On a souvent tendance à penser que les cycles, sagas et séries en tous genres sont des artifices marketing destinés à capitaliser sur une bonne idée pour optimiser les ventes... Ce n’est certes pas tout à fait faux, mais lorsque le cycle en question démarre par un prix Hugo et se poursuit par un prix Nebula, on peut quand même mettre ses préjugés de côté l’espace de quelques heures, le temps de découvrir l’incroyable univers imaginé par Anne McCafrrey.

Comme souvent pour ce qui concerne des cycles d’une telle importance, voici un "début" publié plus d’une dizaine d’année après le premier roman l’ayant initié ! Mais peu importe...

Comme dans La Planète Aux Vents de Folie, qui fut le début de La Romance de Ténébreuse, autre célèbre cycle de Marion Zimmer Bradley, L’Aube des Dragons commence par l’arrivée sur une planète éloignée de colons venus de la terre.

Après un voyage de 15 ans, trois vaisseaux se placent en orbite de Pern, une planète du système Rukbat. Sous la direction de l’amiral Benden, 6000 colons débarquent et s’installent sur ce qui leur semble être une véritable terre promise, peuplée de charmants lézards très intelligents, très vite surnommés "dragonets"... Jusqu’à la première chute des "fils".

Comme une pluie, à la faveur du rapprochement avec une autre planète de système, un étrange organisme se met à tomber sur Pern, avec des effets dévastateurs : les fils détruisent toute végétationet les humains touchés par les fils souffrent de terrribles brûlures... lorsqu’ils survivent. Et cela ne fait que commencer, car ce phénomène, qui se produit tous les 250 ans, dure environ 50 ans !

Ceux qui possèdent la solution, ce sont les dragonets, capables de cracher le feu qui consume les fils. Les colons terriens, équipés d’appareils qu’ils arment de lance-flammes, parviennent péniblement et temporairement à faire face à la menace. Mais leurs ressources ne sont pas inépuisables et la disparition programmée de leur technologie de pointe les conduit à mener une expérience génétique désespérée : faire évoluer les dragonets pour les transformer en une forme de vie redoutable pour les fils et au service des hommes : de véritables dragons qui sillonneront le ciel de Pern pour détruire les fils avant même qu’ils puissent toucher le sol de la planète...

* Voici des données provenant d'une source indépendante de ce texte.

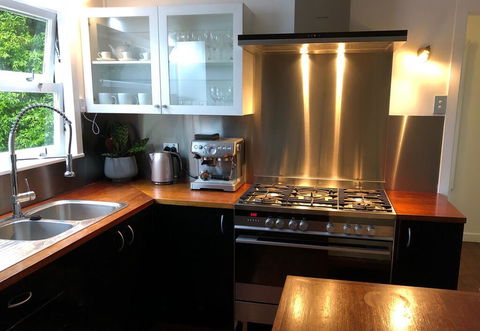 Cool Green Queenslander - Noosaville - Dentists Australia 2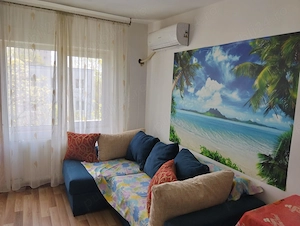 Inchiriez apartament 3 camere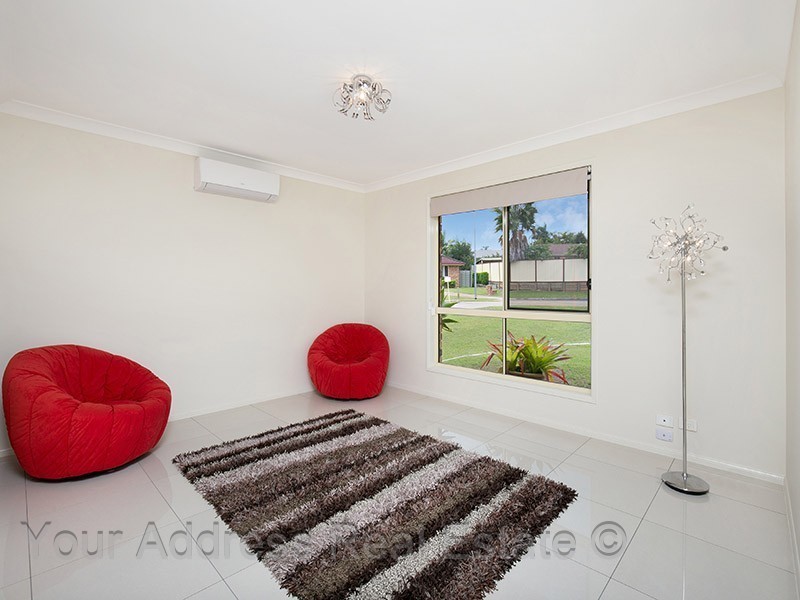 12 Mandeville Place, Regents Park QLD 4118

Pour être tout à fait franc, ce premier épisode de la saga est loin d’être aussi captivant et émouvant que les autres. Ce qui fait le charme de cette série, ce sont les dragons et les liens empathiques qu’ils développent avec les chevaliers-dragons, ceux qui les "marquent" lors de leur éclosion et les montent ensuite pour lutter contre les fils, ainsi que la société féodale fascinante imaginée par Anne McCaffrey. Mais L’Aube des Dragons est une sorte de figure imposée, réclamée par les fans, qui voulaient un roman marquant clairement le début de la saga.

Evidemment, ce début comprend de nombreuses références aux romans suivants, à commencer par les noms des personnages qui, plusieurs générations plus tard, donc dans les romans suivants, deviendront des noms de lieux, des noms légendaires, sur une planète dont les habitants auront tout oublié de leurs origines. Des références sans aucun intérêt pour celui qui découvrira la saga au travers de ce "premier" roman !

Mais L’Aube des Dragons est aussi l’occasion pour Anne McCaffrey de donner à La Ballade de Pern une nouvelles orientation. Tout en expliquant les débuts de la colonisation, l’évolution des dragons et par là même celle de la société de Pern, elle permet à la saga d’évoluer vers un retour aux sources. Car une bonne dizaine de volumes plus tard, les habitants de Pern redécouvriront peu à peu la technologie de leurs ancêtres... et les 3 vaisseaux de l’amiral Benden, toujours en orbite ! De quoi débarrasser la planète, enfin, de la menace des fils ?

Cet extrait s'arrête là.